Ironically, Ash is like that. I mean the way you're describing the character, since you want to use his mindset. AKA, being a complete doofus, can't tie his own shoes without yelling Thunderbolt, can't put 2 and 2 together (literally), etc. He also loses his temper easily, like when he met Paul in Sinnoh. I swear every time they met, Ash tried to act cool and Paul called him a loser and voila, Pokemon battle! The same goes with Trip, because that prick calls Ash a hick all the time. Come on Trip, get some new insults. Red neck jokes get old. Anyway, your character wants revenge? That's a different meal. Revenge is a meal best served cold. That's a big tone, in my opinion. The antagonist would have to do something more than just piss him off. It would be interesting to see his demeanor change as he continually meets his rival and his Sneasel feeds off that dark personality. And then they keep adding their negative influence, so you get some really messed up character. And that's freaking awesome. Now that does complicate things since you want that goody goody stuff in him. I mean, the only thing you can really do is change him. Don't make him be like Ash, a snot-nosed, selfish kid, and make him really chill or something. Either way, you'll figure something out.
That's really good advice, yeah. In light of what's above in my spoiler'd sections, I wanted to sort of keep Ethan friendly enough and outgoing enough to not alienate the supporting protagonist, even though both of them are motivated by revenge. I haven't really imagined any sort of rival for Ethan except the supporting protagonist, and it's not one of the Gold/Silver type of rivalries where the rival is someone who is the polar opposite of the protagonist, regardless of their reasoning.
I do plan on having parts of Johto be more Rocket-friendly, such as Mahogany Town, but it'll definitely be a subsurface support, because I'm making Pryce a part of the Johto Elite Four, and having Silver take his place at his Gym. I don't see how an evil rival would do the story any good though, since I already have a friend/rival in Lyra for Ethan.
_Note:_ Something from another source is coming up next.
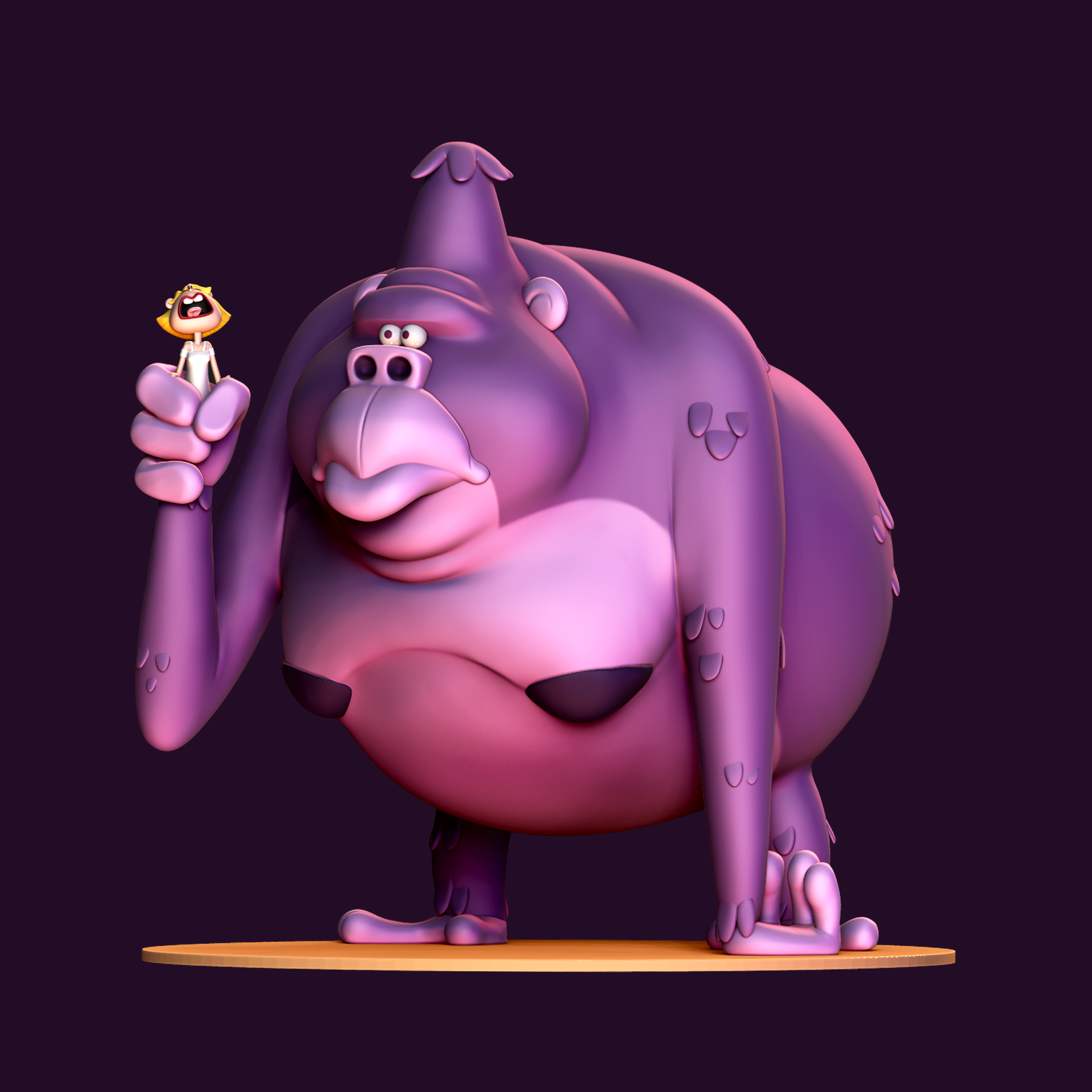 Based on a 2D concept by Dom Scruffy Murphy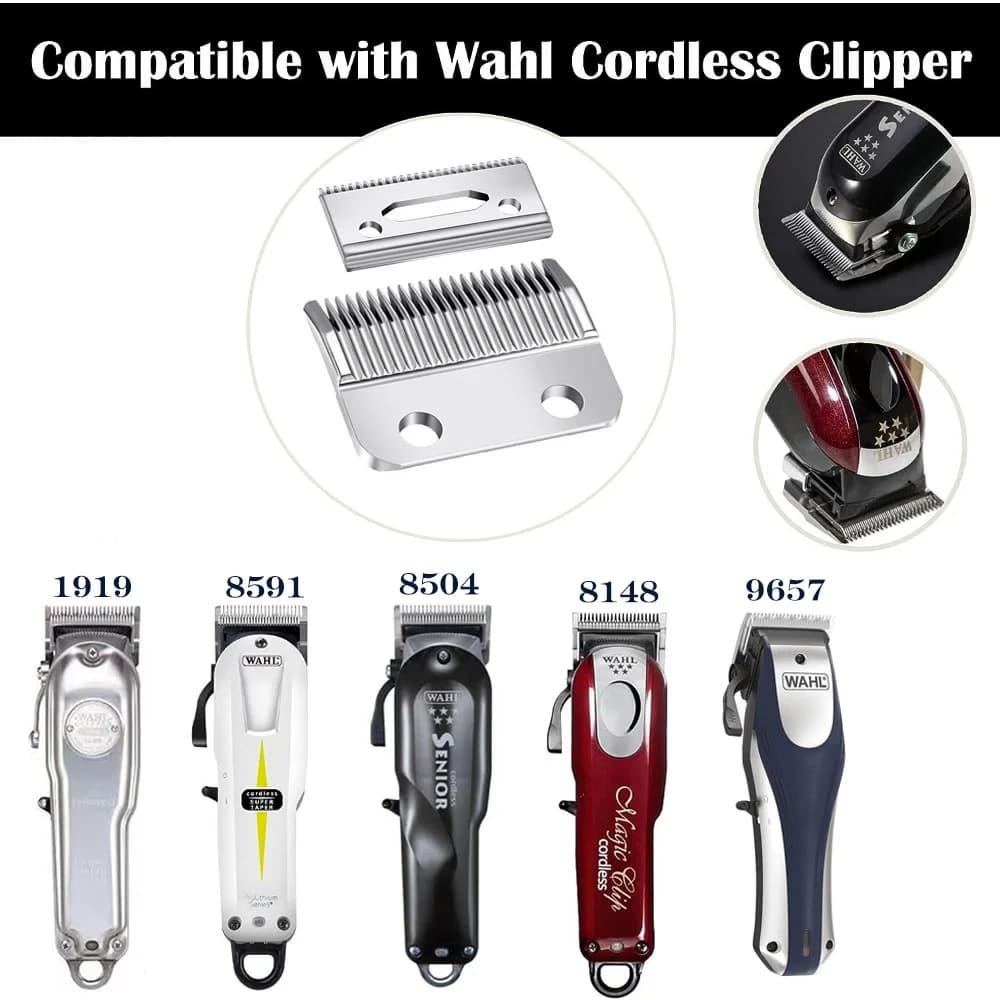 2-hole adjustable replacement clipper blades for Wahl cordless clippers — image 3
I definitely want the situation they're both in to slowly change him, but I guess I'd rather him turn into a rather dark hero who still knows where he stands on his values and beliefs (they can change, I just want him to know them) even though he's become so jaded and hurt by all the stuff that will happen to him over the story rather than turn from a mostly happy character to a sort of anti-hero (if that made any sense whatsoever). So this paragraph is mainly a sounding board. XD
Oh, one last topic: Eggs. Nah, that's not a big deal. Pokemon are practically worshipped in their world, so receiving a Pokemon egg is like catching one without the effort. The problem is how they receive the egg, but you won't reveal the plot so there's nothing else I can say.
Okay, so how about
Ethan and Lyra becoming horribly lost in Ilex Forest, only to be found and rescued by a very badly injured Celebi, who, upon teleporting them to the exit of the forest, gives Lyra its egg, and then fades away (still working on a way to not make that sound cheesy. Maybe a bit of time travel is needed?)
Because that's how I've envisioned Lyra getting the egg of said rare Pokemon. Does that sound too cliche or too... I don't know, badfic-y?
Yeah, I finished! I'm so happy. Well, now I wasted about 10 minutes typing and doing nothing but help other people, when I should study. But studying is really boring and I prefer writing and reviewing and that stuff. Oh well. Big woop. Good luck with your story and I'll be looking forward to reading it!
Bah, time's never wasted when you're doing something you enjoy.